(Records from a dataset)

-- -- --

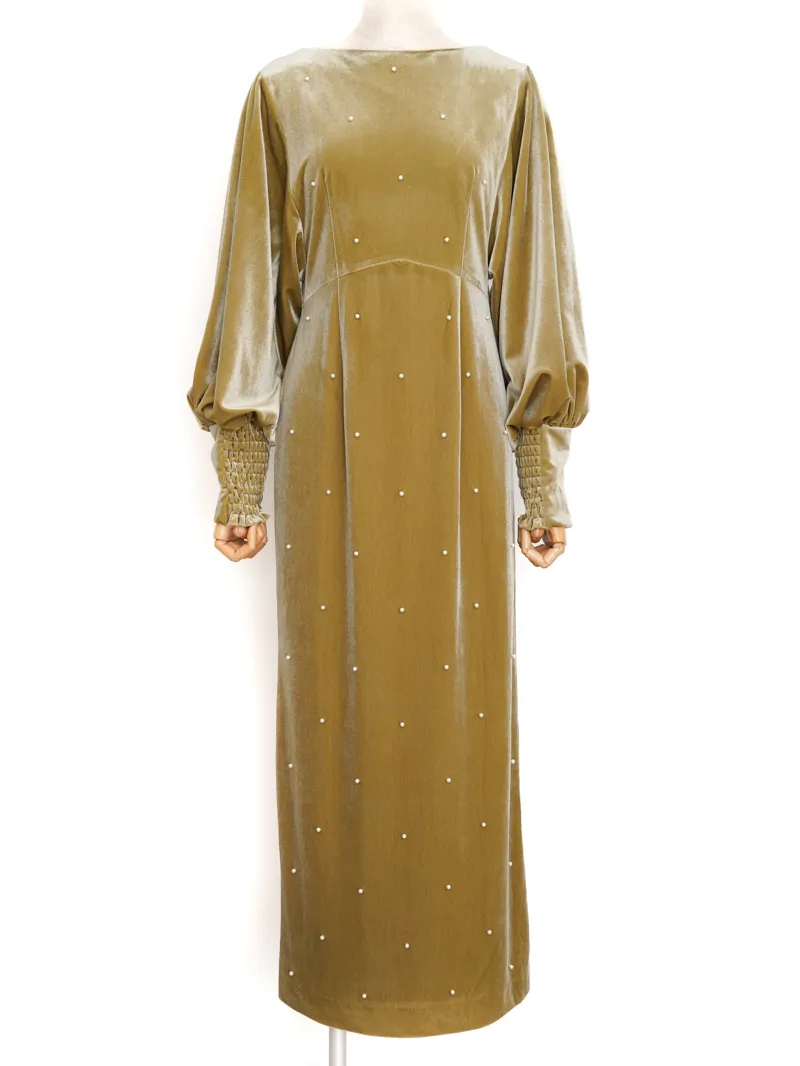 Ameri VINTAGE（アメリ ヴィンテージ）BACK OPEN PEARL VELOUR DRESS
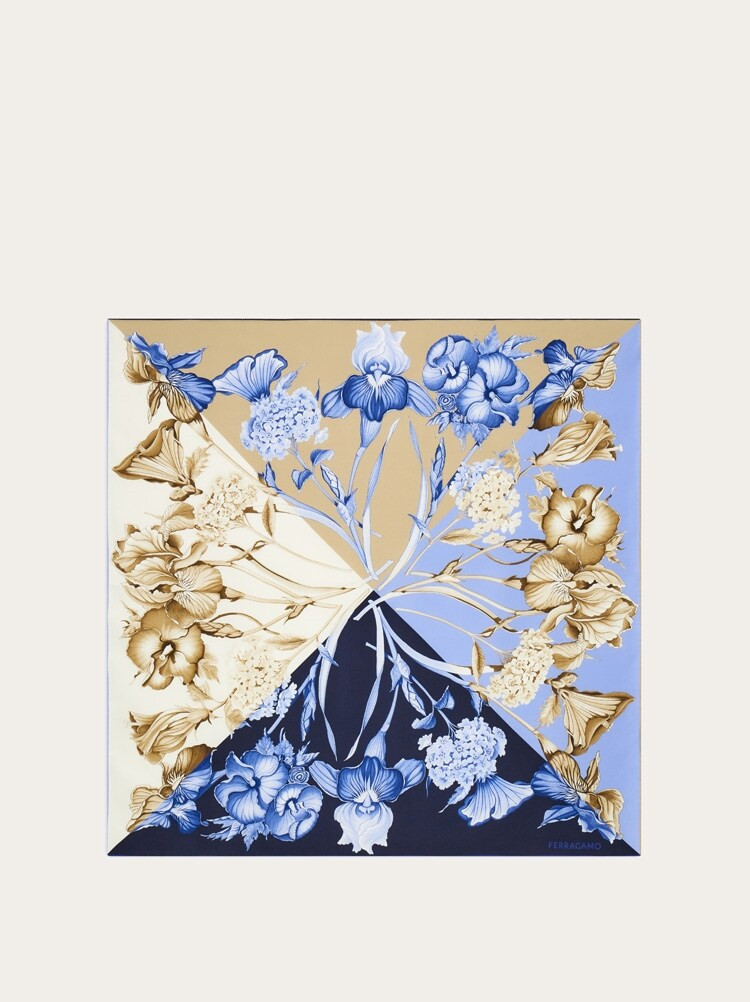 Hydrangea print silk scarf | Ferragamo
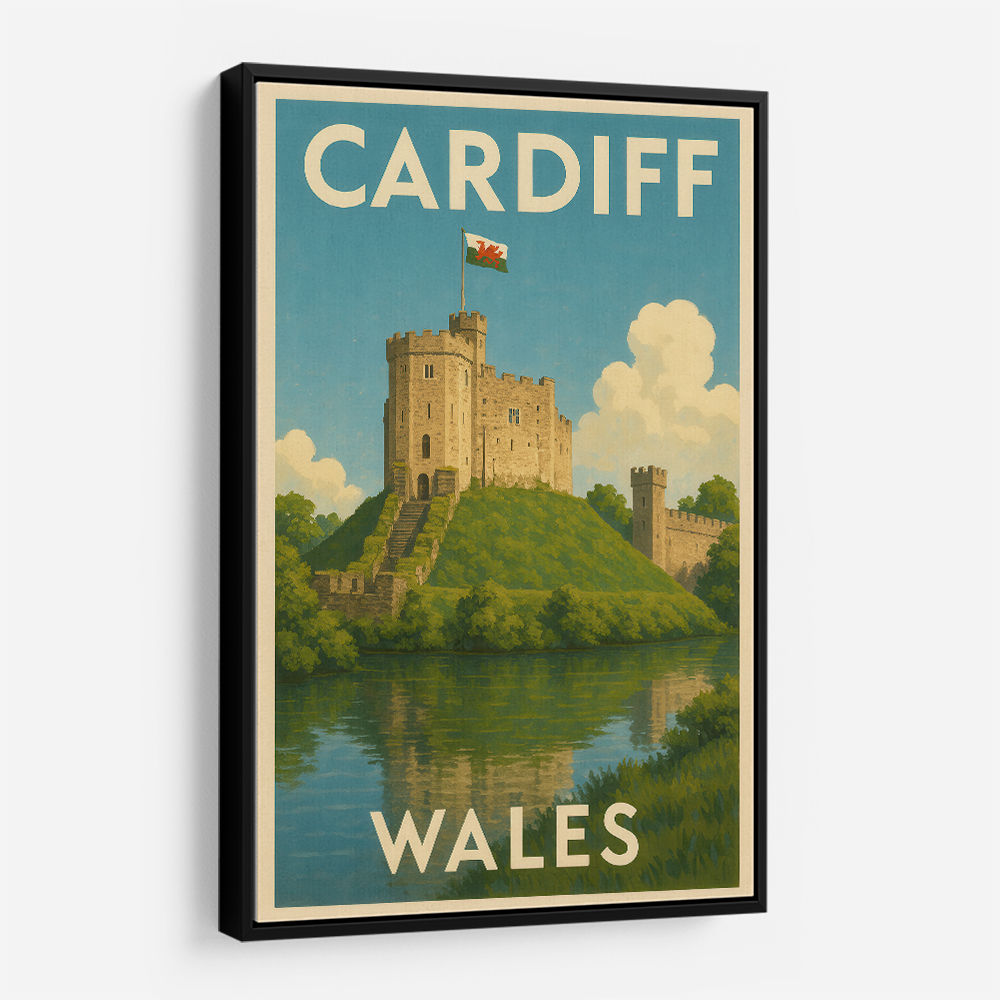 Cardiff Castle Travel Poster Wall Art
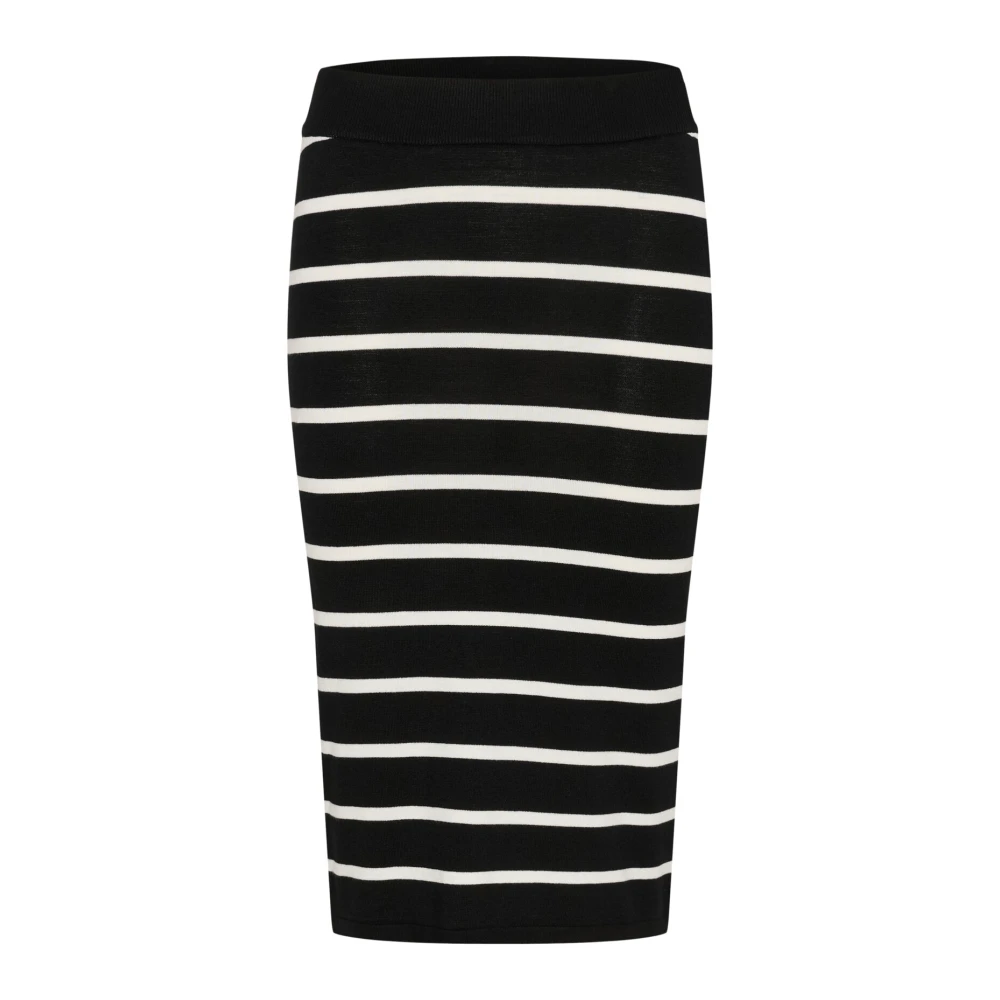 Kaffe Women's Black Striped Knit Skirt /Chalk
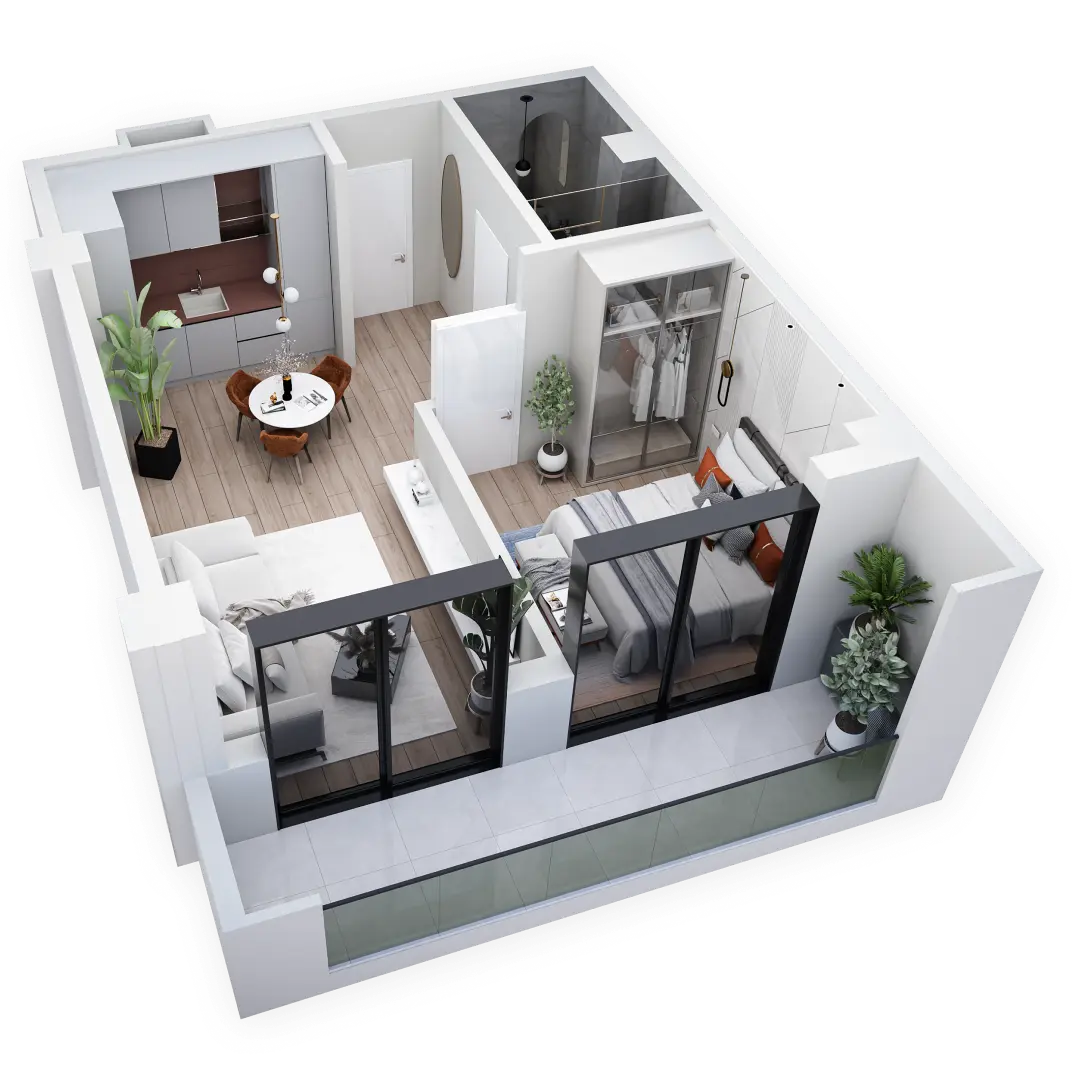 ბინა C74 — 3D ხედი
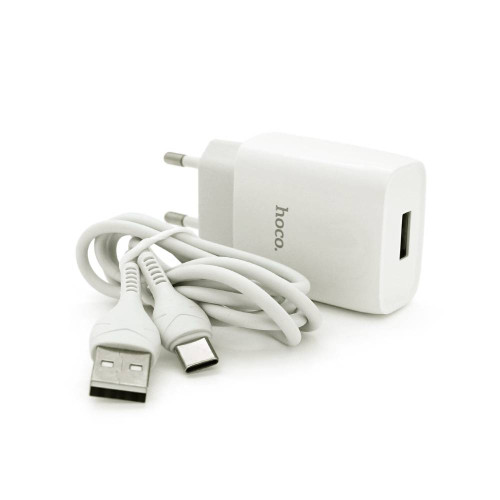 Набір СЗУ 110-240V HOCO C72A+ кабель Type-C, 1xUSB, 2.4A, кабель 1м, White, Blister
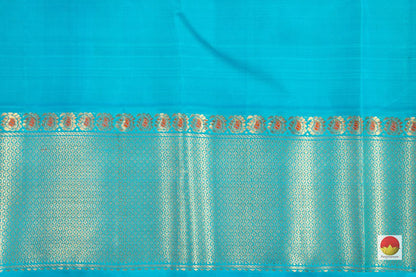 Kanchipuram Silk Saree - Handwoven Pure Silk - Pure Zari - Brown & Cyan - PV NYC 68 - Silk Sari - Panjavarnam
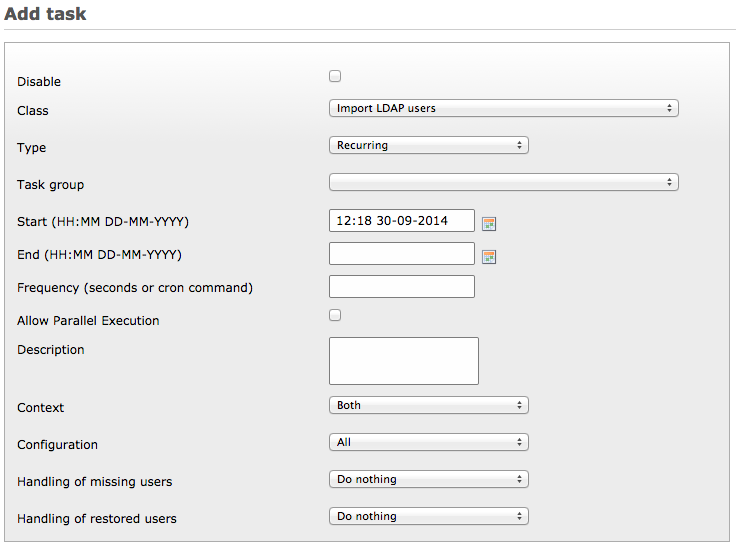 Configuration of the Scheduler task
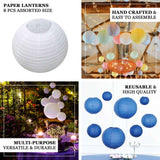 Set of 8 Mixed Purple White Hanging Paper Lanterns, Decorative Round Chinese Sky Lanterns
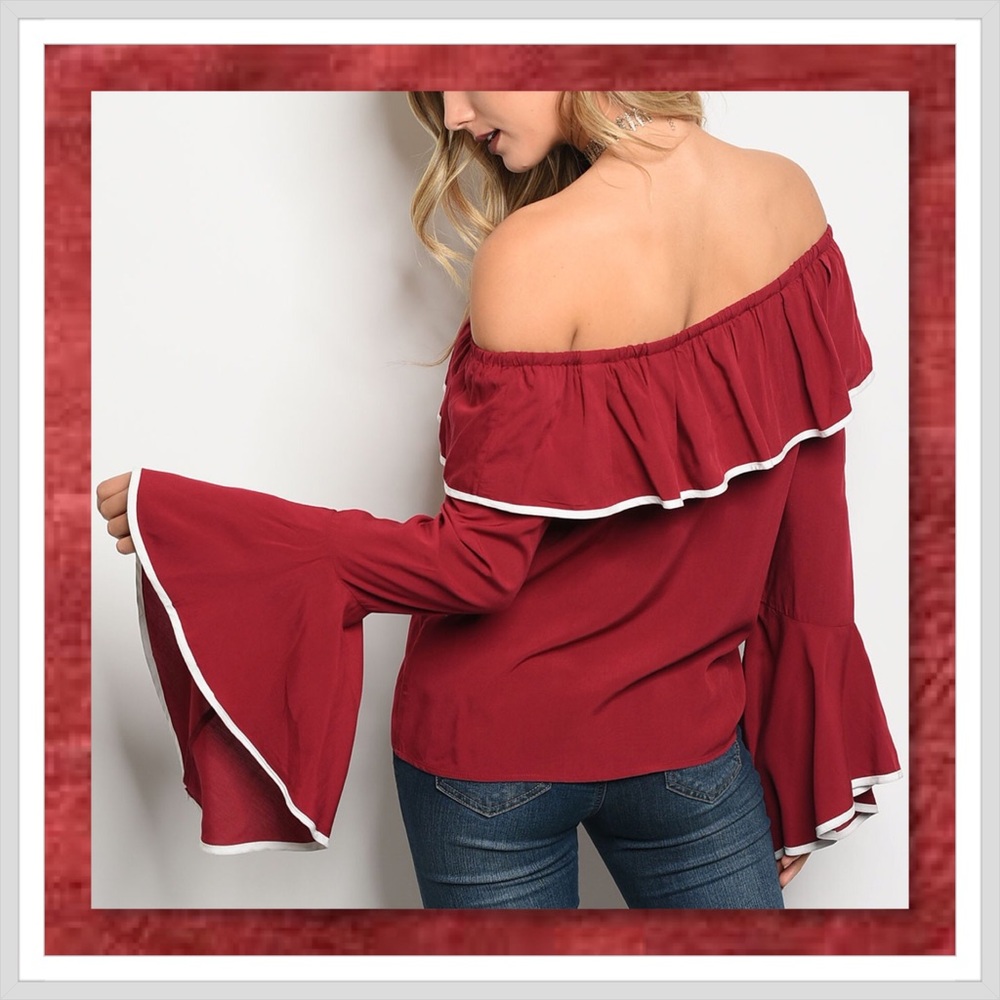 JUST IN🆕 Wine Embroidered Bell Sleeve Top - Picture 3 of 3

-- -- --

## WHAT IS REQUIRED
Word for word, output the lines from the line bearing "ბინა C74 — 3D ხედი" through the end of the records above, and only those, without the pictures.

## YOUR RESPONSE
 ბინა C74 — 3D ხედი
 Набір СЗУ 110-240V HOCO C72A+ кабель Type-C, 1xUSB, 2.4A, кабель 1м, White, Blister
 Kanchipuram Silk Saree - Handwoven Pure Silk - Pure Zari - Brown & Cyan - PV NYC 68 - Silk Sari - Panjavarnam
 Configuration of the Scheduler task
 Set of 8 Mixed Purple White Hanging Paper Lanterns, Decorative Round Chinese Sky Lanterns
 JUST IN🆕 Wine Embroidered Bell Sleeve Top - Picture 3 of 3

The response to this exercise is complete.